Acórdão do Tribunal da Relação de Guimarães
Processo:
123/17.7T8MLG-A.G1
Relator: ANTÓNIO SOBRINHO
Descritores: DANOS CAUSADOS PELA RUPTURA DE UM TUBO DE ÁGUA
MUNICÍPIO
COMPETÊNCIA DOS TRIBUNAIS ADMINISTRATIVOS
Nº do Documento: RG
Data do Acordão: 10/31/2018
Votação: UNANIMIDADE
Texto Integral: S
Meio Processual: APELAÇÃO
Decisão: IMPROCEDENTE
Indicações Eventuais: 1.ª SECÇÃO CÍVEL
Sumário:
SUMÁRIO (elaborado pelo relator):

I - É da competência dos tribunais administrativos e não dos tribunais comuns conhecer e julgar a acção em que o demandante pede o pagamento de uma indemnização, com base em responsabilidade extracontratual por danos a si causados, por via da ruptura de um tubo de água, cuja manutenção e conservação imputa, mesmo que disjuntivamente, ao interveniente Município.
Decisão Texto Integral:
Acordam no Tribunal da Relação de Guimarães

I – Relatório;
*****
Pedido:

O autor José intentou acção de condenação sob a forma de processo comum contra Manuel e Maria, pedindo a condenação dos réus no pagamento da quantia de € 2.231,24€, a título de danos patrimoniais e não patrimoniais, com base em responsabilidade civil por facto ilícito.

Causa de pedir:

Os réus causaram danos ao autor, mais propriamente num terreno e prédio urbano deste, provocados pela inundação por água proveniente de um tubo em plástico pertencente aos réus.

Na sua contestação, os réus impugnaram a versão do autor, nomeadamente que tenham sido os agentes causadores do sinistro, por ter sido doada tal água ao Município X.
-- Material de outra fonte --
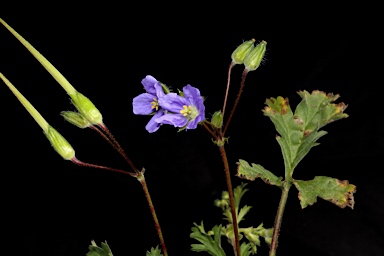 APII jpeg image of Erodium crinitum  © contact APII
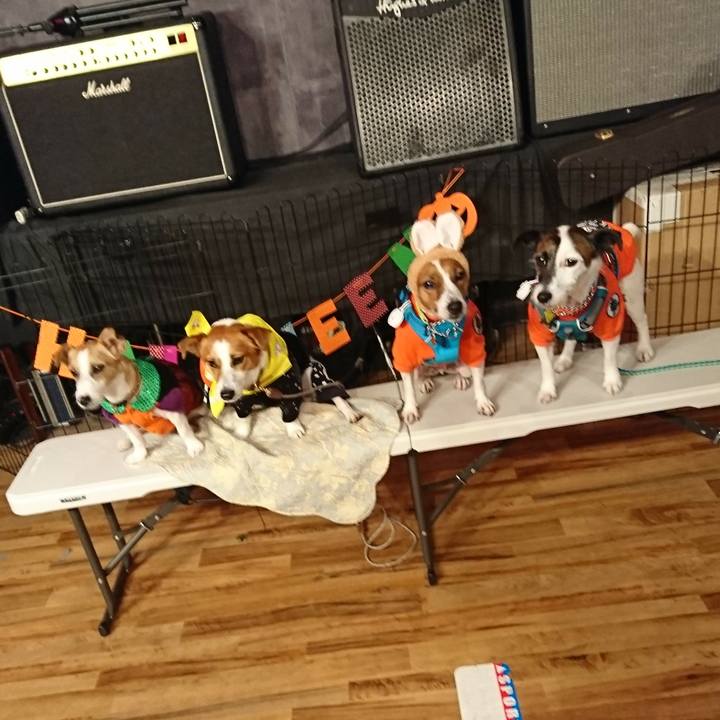 Ed4f4400 fd30 41f7 ac02 b416d4aeabd8 1572176651697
De seguida, o autor requereu a intervenção provocada passiva do Município X, a fim de acautelar a responsabilização deste com base na dita responsabilidade civil extracontratual.

De seguida, a Mmº Juiz a quo declarou a incompetência em razão da matéria do Juízo de Competência Genérica de Melgaço para conhecer e julgar a presente causa, relativamente ao Município X, por ser competente o tribunal administrativo, com o fundamento de que o litígio, quanto àquele, emergirá de uma responsabilidade civil extracontratual de pessoa colectiva de direito público.

Inconformada com tal decisão, o A. dela interpôs o presente recurso, em cujas alegações formula, em súmula, as seguintes conclusões:

1. Nos termos do art. 212º, nº 3, da CRP, compete aos tribunais administrativos e fiscais o julgamento das acções e recursos contenciosos que tenham por objecto dirimir os litígios emergentes das relações jurídicas administrativas e fiscais.
2. Nos presentes autos não está apenas patente responsabilidade civil extracontratual como também apurar a quem compete a manutenção do tubo das condutas da água.
3. Dos articulados apresentados resigna-se para segundo plano os danos, sendo objecto fulcral da acção apurar a quem pertence o tubo, a água, e como tal a quem compete a responsabilidade, portanto estamos perante uma questão obrigacional e também de direitos reais.
4. Se é certo que é o autor que determina o objecto do processo, também é certo que, para determinação da competência do Tribunal ter-se-á que apreciar o decorrer do processo.
5. Desde logo porque pela petição inicial nunca estaria o objecto susceptível de ser apreciado pelo Tribunal Administrativo e Fiscal, só tendo sido chamado o Réu Município posteriormente.
6. Assim, somos de corroborar que, em causa existe também uma relação obrigacional e de direitos reais, relação essa que o Autor descreve na própria petição inicial quando relata que o Réu Manuel informou ser da responsabilidade do Município o tubo de água, ao passo que o Réu Município entende ser da responsabilidade do Réu Manuel.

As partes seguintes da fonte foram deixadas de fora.